Trace and Edit Relation Associations in GPT
Jiahang Li, Taoyu Chen, Yuanli Wang
TL;DR
The paper tackles where entity-relational knowledge resides in GPT-like transformers and how it can be edited. It introduces relation tracing to identify critical early- and late-layer MLP components and uses causal mediation analysis, augmented with counterfactual data, to understand how relations are stored and recalled, benchmarking against ROME on FewRel.

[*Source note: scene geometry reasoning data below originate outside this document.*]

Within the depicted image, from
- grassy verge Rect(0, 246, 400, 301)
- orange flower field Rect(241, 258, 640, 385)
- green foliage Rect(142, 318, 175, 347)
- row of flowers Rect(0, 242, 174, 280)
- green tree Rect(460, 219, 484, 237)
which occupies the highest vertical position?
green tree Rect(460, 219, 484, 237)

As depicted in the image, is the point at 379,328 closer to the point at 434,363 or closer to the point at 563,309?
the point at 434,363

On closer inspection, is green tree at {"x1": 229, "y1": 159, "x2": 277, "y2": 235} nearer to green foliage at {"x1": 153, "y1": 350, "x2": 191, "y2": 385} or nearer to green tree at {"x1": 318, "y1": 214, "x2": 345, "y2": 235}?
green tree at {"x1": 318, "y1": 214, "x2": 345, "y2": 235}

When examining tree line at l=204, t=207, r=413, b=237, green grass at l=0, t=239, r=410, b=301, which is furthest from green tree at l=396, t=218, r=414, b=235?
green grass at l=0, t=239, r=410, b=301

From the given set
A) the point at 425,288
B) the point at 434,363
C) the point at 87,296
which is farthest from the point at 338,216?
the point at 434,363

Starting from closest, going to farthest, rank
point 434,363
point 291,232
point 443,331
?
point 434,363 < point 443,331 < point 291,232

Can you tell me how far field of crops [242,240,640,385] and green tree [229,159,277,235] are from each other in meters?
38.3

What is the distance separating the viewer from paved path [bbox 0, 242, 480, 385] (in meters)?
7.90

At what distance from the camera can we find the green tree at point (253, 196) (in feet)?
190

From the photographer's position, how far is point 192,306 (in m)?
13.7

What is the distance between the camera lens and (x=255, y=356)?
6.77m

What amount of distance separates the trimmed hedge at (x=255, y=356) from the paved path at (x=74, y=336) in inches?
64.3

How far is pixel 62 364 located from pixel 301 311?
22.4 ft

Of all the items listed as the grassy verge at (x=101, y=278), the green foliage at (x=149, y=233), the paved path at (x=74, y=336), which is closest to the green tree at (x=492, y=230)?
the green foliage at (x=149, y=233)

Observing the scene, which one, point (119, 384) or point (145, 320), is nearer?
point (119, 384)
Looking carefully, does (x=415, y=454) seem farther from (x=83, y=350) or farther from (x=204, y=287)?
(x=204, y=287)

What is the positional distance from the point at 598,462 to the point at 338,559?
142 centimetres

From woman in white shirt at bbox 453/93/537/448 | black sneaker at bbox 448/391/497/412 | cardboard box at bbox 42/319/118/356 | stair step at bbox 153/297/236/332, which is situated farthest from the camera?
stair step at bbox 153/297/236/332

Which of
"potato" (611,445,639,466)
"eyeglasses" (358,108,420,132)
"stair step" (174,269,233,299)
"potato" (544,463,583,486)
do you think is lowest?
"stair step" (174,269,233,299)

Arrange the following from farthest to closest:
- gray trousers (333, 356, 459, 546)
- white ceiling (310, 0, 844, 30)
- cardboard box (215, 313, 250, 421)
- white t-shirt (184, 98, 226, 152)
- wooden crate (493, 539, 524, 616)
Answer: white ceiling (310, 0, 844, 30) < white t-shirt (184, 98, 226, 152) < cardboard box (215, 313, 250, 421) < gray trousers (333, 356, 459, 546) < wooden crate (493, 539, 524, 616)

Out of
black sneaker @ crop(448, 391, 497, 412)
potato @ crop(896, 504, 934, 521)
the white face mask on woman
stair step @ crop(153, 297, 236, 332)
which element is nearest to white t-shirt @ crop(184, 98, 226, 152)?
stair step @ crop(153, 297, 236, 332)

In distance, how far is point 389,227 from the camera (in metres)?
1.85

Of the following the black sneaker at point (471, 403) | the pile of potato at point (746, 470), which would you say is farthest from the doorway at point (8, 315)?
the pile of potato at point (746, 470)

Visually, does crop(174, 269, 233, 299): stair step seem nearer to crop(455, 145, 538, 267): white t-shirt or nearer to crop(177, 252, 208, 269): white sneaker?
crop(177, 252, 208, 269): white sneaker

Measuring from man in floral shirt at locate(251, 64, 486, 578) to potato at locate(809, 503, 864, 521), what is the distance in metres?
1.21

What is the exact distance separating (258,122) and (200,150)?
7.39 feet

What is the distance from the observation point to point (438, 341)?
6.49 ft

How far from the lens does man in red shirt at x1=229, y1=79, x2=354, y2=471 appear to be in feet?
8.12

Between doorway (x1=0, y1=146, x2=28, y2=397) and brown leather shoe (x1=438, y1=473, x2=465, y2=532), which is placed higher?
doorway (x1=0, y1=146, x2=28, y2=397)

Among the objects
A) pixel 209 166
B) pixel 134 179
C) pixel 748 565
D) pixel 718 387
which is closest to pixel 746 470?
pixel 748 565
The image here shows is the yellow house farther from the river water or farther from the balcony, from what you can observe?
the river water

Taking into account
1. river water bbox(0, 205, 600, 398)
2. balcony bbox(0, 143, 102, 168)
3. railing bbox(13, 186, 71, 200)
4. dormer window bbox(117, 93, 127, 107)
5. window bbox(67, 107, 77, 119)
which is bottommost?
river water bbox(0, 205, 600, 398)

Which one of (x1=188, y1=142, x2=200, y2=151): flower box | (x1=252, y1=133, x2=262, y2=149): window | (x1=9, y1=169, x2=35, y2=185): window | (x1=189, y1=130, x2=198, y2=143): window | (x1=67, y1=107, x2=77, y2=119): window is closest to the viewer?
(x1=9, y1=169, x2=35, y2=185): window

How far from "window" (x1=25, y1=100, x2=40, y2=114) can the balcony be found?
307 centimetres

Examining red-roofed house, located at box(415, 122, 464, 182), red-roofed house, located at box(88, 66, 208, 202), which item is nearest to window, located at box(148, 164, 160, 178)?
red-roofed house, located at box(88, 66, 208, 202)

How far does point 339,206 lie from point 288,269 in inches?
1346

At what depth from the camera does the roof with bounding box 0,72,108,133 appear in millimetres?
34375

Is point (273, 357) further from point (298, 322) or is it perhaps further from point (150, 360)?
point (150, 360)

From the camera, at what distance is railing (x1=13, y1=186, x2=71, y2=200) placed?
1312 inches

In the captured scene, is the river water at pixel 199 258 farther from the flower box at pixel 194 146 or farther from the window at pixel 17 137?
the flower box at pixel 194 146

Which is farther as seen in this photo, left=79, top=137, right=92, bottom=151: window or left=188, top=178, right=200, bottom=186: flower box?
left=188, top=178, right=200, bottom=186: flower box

A modified ROME approach targets a rank-one update in the fifth MLP layer, yielding improved generalization and specificity in relation edits, with paraphrase-success rising to 41.07% from 40.71%. The work demonstrates the feasibility of precise, layer-targeted edits in relational knowledge, offering implications for controlled knowledge manipulation in language models and highlighting avenues for future architectural and methodological refinements.
Abstract
This study introduces a novel approach for analyzing and modifying entity relationships in GPT models, diverging from ROME's entity-focused methods. We develop a relation tracing technique to understand the influence of language model computations on relationship judgments. Using the FewRel dataset, we identify key roles of MLP modules and attention mechanisms in processing relationship information. Our method, tested against ROME on a new dataset, shows improved balance in specificity and generalization, underscoring the potential of manipulating early-layer modules for enhanced model understanding and accuracy.